Background Parkinson’s Disease (PD) psychosis refers to the spectrum of illusions, formed hallucinations and delusions that occur in PD. Visual hallucinations and illusions are thought to be caused by specific cognitive and higher visual function deficits and patients who develop such symptoms early in the disease course have greater rates of cognitive decline and progression to dementia. To date, no studies have investigated whether such deficits are found prior to the onset of PD psychosis.

Method Here we compare baseline cognitive, biomarker (structural imaging and cerebrospinal fluid) and other PD psychosis risk factor data in patients who go on to develop illusions or hallucinations within 3–4 years of follow-up in the Parkinson’s Progression Markers Initiative cohort of newly diagnosed PD.

Results Of n=423 patients with PD, n=115 (27%) reported predominantly illusions with the median time of onset at 19.5 months follow-up. At study entry these patients had reduced CSF amyloid Aß1-42, lower olfaction scores, higher depression scores and increased REM sleep behaviour disorder symptoms compared to patients without early onset PD psychosis but no differences in cognitive, higher visual or structural imaging measures.
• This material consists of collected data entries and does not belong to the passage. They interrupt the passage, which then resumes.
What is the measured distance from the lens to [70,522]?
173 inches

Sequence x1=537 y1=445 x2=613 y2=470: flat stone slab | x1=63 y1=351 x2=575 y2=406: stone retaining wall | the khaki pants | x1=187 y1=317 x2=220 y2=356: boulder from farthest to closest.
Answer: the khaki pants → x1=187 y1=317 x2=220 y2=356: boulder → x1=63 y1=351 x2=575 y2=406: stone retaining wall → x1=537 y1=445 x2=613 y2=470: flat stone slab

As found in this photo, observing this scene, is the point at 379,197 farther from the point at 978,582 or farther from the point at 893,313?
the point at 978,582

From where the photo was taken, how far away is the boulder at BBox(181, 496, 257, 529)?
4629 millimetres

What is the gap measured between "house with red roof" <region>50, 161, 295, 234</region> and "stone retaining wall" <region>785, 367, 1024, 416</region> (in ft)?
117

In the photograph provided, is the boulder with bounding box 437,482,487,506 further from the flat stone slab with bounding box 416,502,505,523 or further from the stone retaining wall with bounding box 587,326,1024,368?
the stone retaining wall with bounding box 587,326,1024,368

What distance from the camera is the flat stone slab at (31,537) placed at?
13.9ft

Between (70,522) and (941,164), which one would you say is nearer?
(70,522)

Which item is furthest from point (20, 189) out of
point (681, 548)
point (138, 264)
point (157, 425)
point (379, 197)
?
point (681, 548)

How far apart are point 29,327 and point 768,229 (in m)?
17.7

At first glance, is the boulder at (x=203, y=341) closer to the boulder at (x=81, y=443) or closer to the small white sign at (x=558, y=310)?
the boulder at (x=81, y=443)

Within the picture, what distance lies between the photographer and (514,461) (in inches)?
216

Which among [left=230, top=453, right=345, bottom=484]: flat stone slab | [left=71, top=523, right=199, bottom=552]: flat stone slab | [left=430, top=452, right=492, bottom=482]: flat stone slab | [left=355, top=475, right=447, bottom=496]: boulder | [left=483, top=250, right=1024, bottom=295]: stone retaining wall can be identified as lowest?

A subset of patients with early onset formed hallucinations (n=21) had reduced higher visual function at baseline, cortical thinning in parietal, occipital and frontal cortex and reduced hippocampal volume.

Conclusions The findings suggest early onset illusions and formed hallucinations are linked to amyloid pathology in PD and point to a difference in the underlying pathophysiological mechanism of illusions and formed hallucinations, with implications for their respective links to future cognitive decline.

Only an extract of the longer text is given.